Images excluded, return every record exactly as it reads.

## DATASET RECORDS
↓

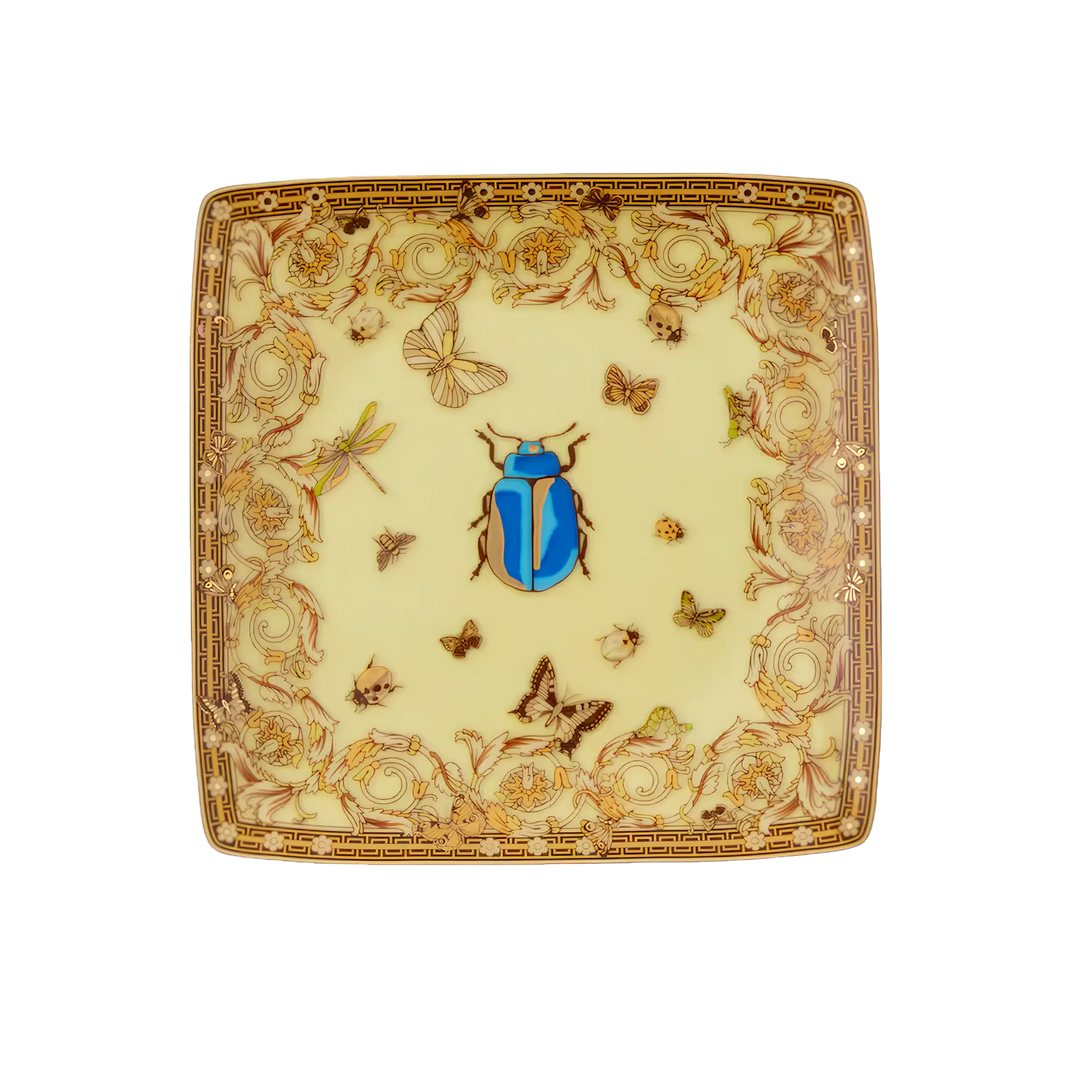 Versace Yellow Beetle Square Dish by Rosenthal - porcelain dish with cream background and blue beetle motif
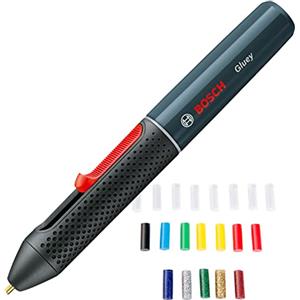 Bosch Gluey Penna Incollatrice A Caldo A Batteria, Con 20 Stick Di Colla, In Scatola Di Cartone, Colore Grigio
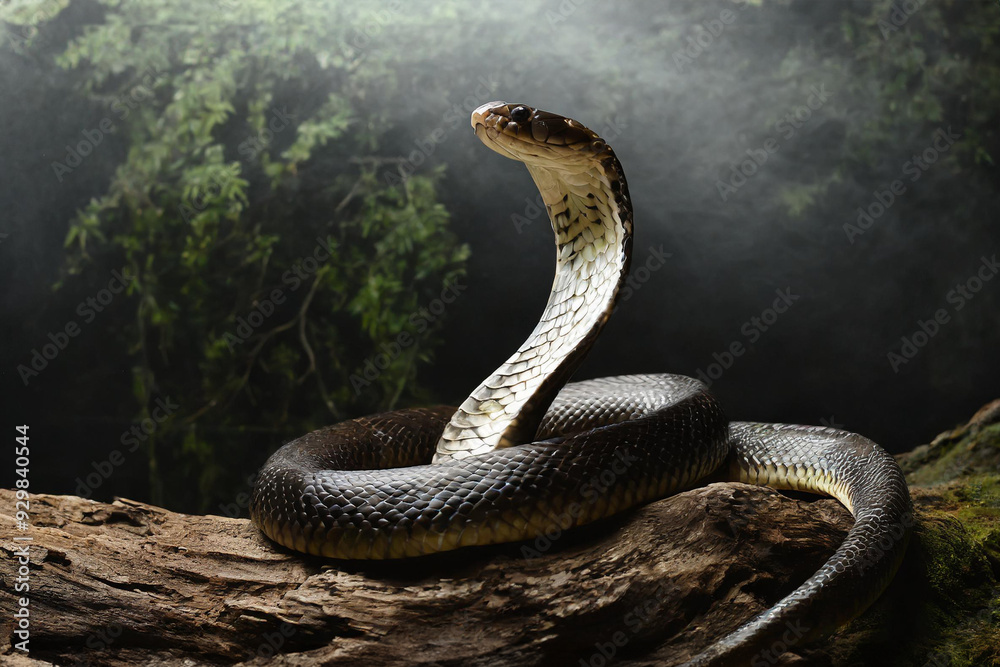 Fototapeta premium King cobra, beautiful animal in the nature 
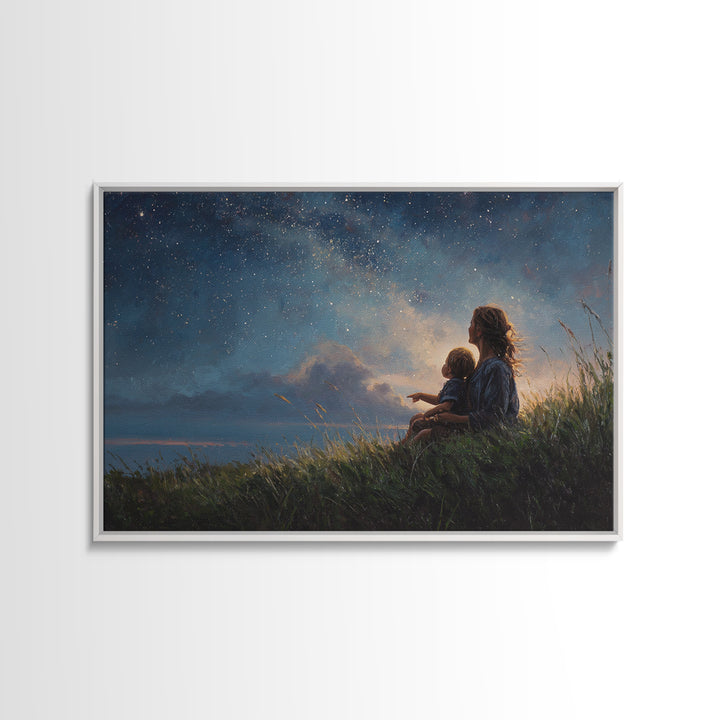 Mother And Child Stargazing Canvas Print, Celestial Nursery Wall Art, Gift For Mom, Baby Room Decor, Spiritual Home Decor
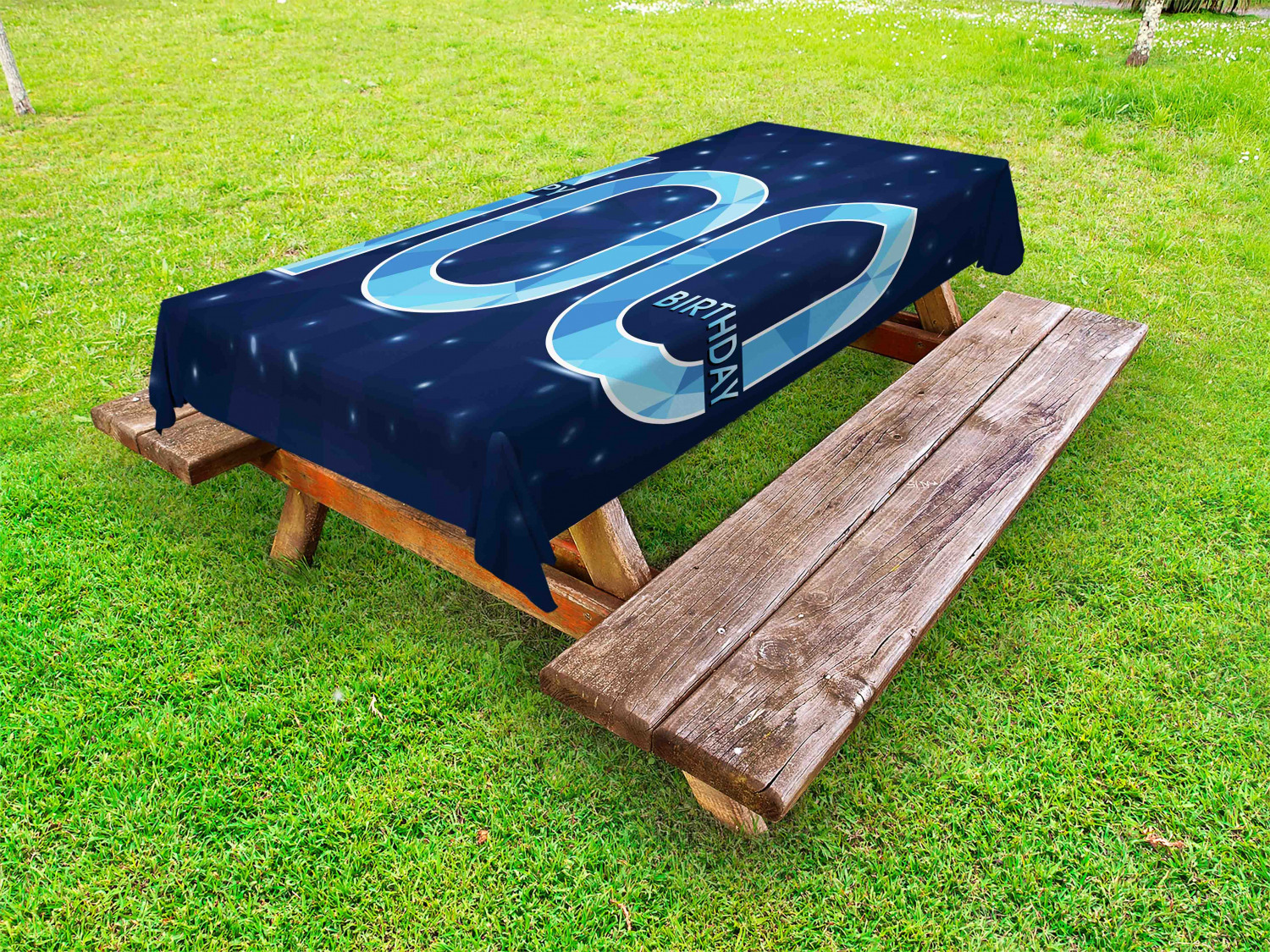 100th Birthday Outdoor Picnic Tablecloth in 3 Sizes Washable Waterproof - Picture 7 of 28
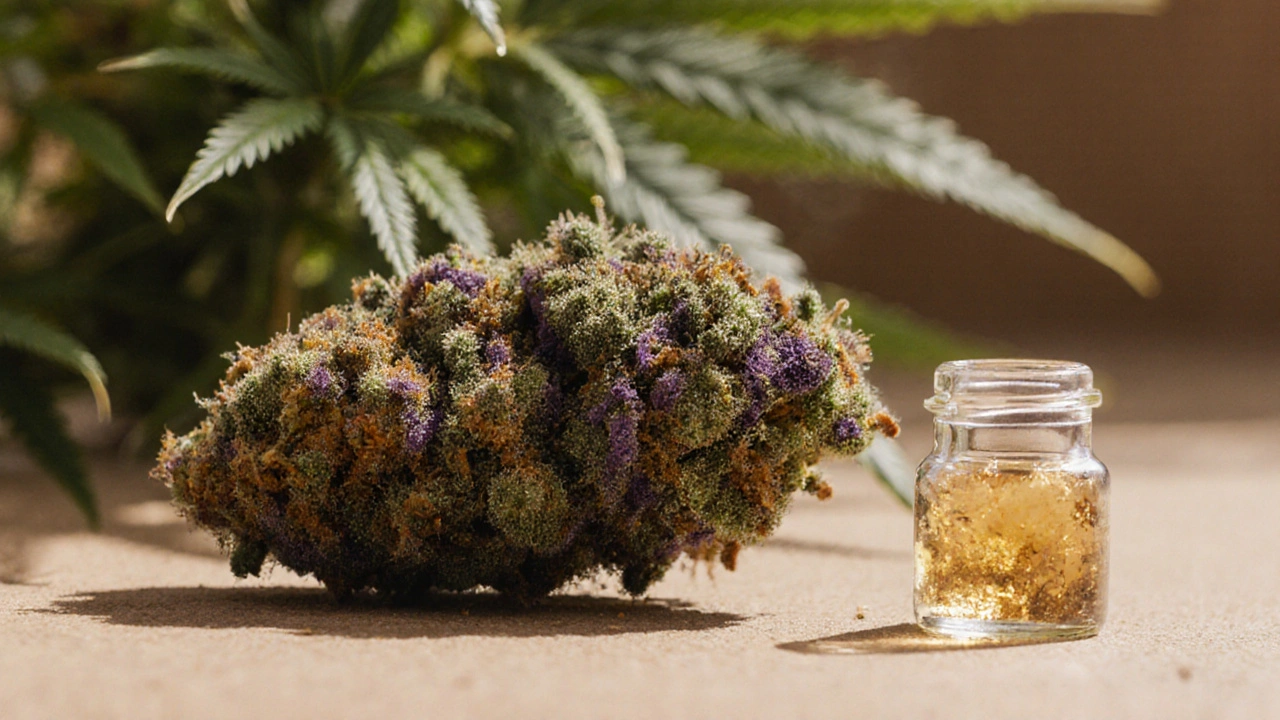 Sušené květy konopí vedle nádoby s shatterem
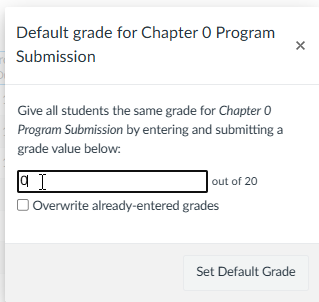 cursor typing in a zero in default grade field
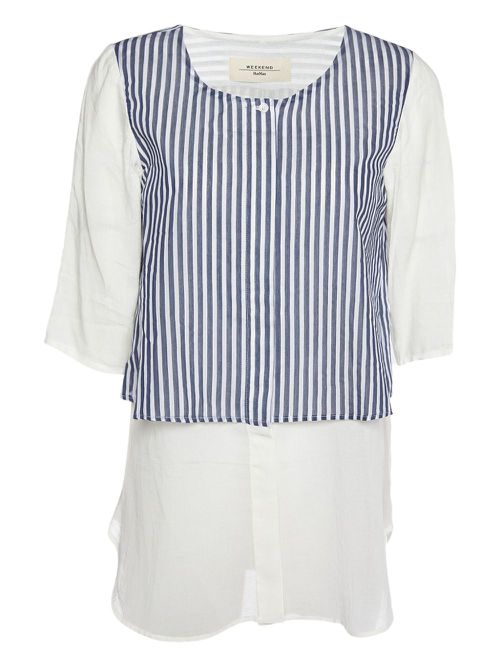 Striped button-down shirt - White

↑

## EXERCISE OUTPUT
 Versace Yellow Beetle Square Dish by Rosenthal - porcelain dish with cream background and blue beetle motif
 Bosch Gluey Penna Incollatrice A Caldo A Batteria, Con 20 Stick Di Colla, In Scatola Di Cartone, Colore Grigio
 Fototapeta premium King cobra, beautiful animal in the nature 
 Mother And Child Stargazing Canvas Print, Celestial Nursery Wall Art, Gift For Mom, Baby Room Decor, Spiritual Home Decor
 100th Birthday Outdoor Picnic Tablecloth in 3 Sizes Washable Waterproof - Picture 7 of 28
 Sušené květy konopí vedle nádoby s shatterem
 cursor typing in a zero in default grade field
 Striped button-down shirt - White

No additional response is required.